Ladies, this is a challenging question for us. Yes, the dresses of the Victorian era were beautiful, but was it a fulfilling lifestyle? Forget about the Greco-Roman times. Togas are cool, but we’d rather not be stuck at home and out of politics.
You know what era would be pretty chill to live in as a woman, though? The Viking Age (793-1066 AD).
Viking women were powerful.
Let’s rephrase, since technically speaking, women can’t be Vikings. Viking, or Vikingar, is an Old Norse word that was used to describe men who sailed from Scandinavia in groups to engage in the activities of raiding and trading in Britain, Europe and the East.
But how did we start digging into the lives of women of the Viking Age? None other than a highly informative (though probably false) tumblr thread that told of mistreated Viking women cutting off a certain part of the male anatomy.
If the rumor was out there, we needed to learn more…
Like in many traditional civilizations, typical gender roles existed, and Viking society was male dominated. For example, men were buried with weapons and tools, while women lay alongside household items and jewelry. However, in 2017, researchers at Stockholm and Uppsala Universities discovered a Viking Age grave that held the remains of a decorated female warrior. The finding was the first evidence that women held high-status positions in Viking culture.
The study, which was published in the American Journal of Physical Anthropology, notes women “were able to be full members of male dominated spheres,” during the Viking Age. So, grab your swords ladies, badass female Viking warriors existed.
Aside from fighting alongside men as a female warrior (which is already pretty cool and has us basically sold), compared to other civilizations and periods of history, women of the Viking Age had a good deal of other freedoms.
According to the History Channel, women could own property, manage the household when her husband was away, and while there doesn’t seem to be evidence of any “junk chopping,” women could divorce their husbands, and there were laws against unwanted advances.

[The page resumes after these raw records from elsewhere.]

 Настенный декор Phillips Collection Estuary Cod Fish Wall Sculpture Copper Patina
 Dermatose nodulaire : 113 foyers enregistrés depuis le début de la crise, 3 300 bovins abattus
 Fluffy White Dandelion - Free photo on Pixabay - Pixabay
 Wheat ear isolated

To divorce her husband, a woman would call witnesses to her marriage bed and declare that she had divorced her husband. And then, get this? Property was divided. Yes, equality! Gray Goose Law (not the vodka, but laws that governed early Iceland known as Grágás) had provisions about unwanted advances and attention and listed penalties for offenses ranging from kissing to intercourse.
We’ll leave you with BBC’s story of a powerful Viking woman: The daughter of a Norwegian chieftain who married a Viking man. When both he and his son died, she took charge of the family fortune and organized a ship to take her and her granddaughters to Orkney, Faroe and Iceland. Like a total lady boss: Her husband dies and she just picks herself up, hops on a boat and is one of the four most important settlers of Iceland.
Hopping in the time machine right now.